Information for media on the Funeral Liturgy for Matthew Healy RIP

26 Jan 2023

At 12.00pm this afternoon, Father Patrick McCarthy, curate of Inniscarra Parish, Berrings, Co Cork, in the Diocese of Cloyne, will be the chief celebrant for the Funeral Mass of Matthew Healy RIP in Saint Mary’s Church.  The Mass will be live-streamed on

The following mementos will be placed near the coffin before the funeral liturgy begins:

  • Picture of Matthew Healy and his late wife Delia taken thirteen years ago on the occasion of the birth of their grandchild Matthew, who is named after his grandfather.
  • Finger Rosary: Faith and in particular the Rosary and the Mass were very important for Matthew and Delia. 
  • iPad: Matthew had a life-long love for all things technological.

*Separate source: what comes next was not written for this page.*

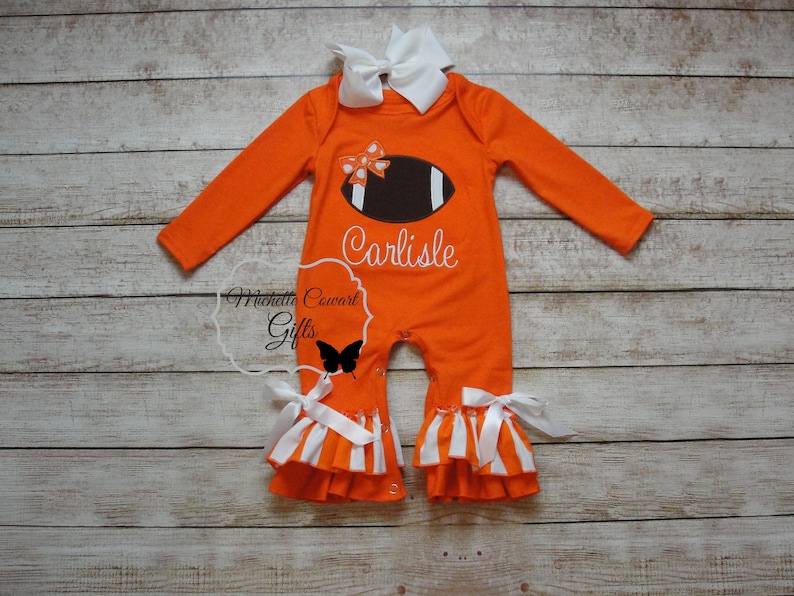May include: Orange and white baby onesie with a brown football and white bow on the front. The onesie has a white ruffle trim and the name "Carlisle" is embroidered on the front.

The Berring’s Church Choir will lead the congregation in the music.

Entrance: Here I am Lord

First Reading, proclaimed by Claire Healy (daughter)

A Reading from the prophet Isaiah  (25:6-9)

On this mountain, the Lord of hosts will prepare for all peoples a banquet of rich food. On this mountain he will remove the mourning veil covering all peoples, and the shroud enwrapping all nations, he will destroy Death for ever. The Lord will wipe away the tears from every cheek.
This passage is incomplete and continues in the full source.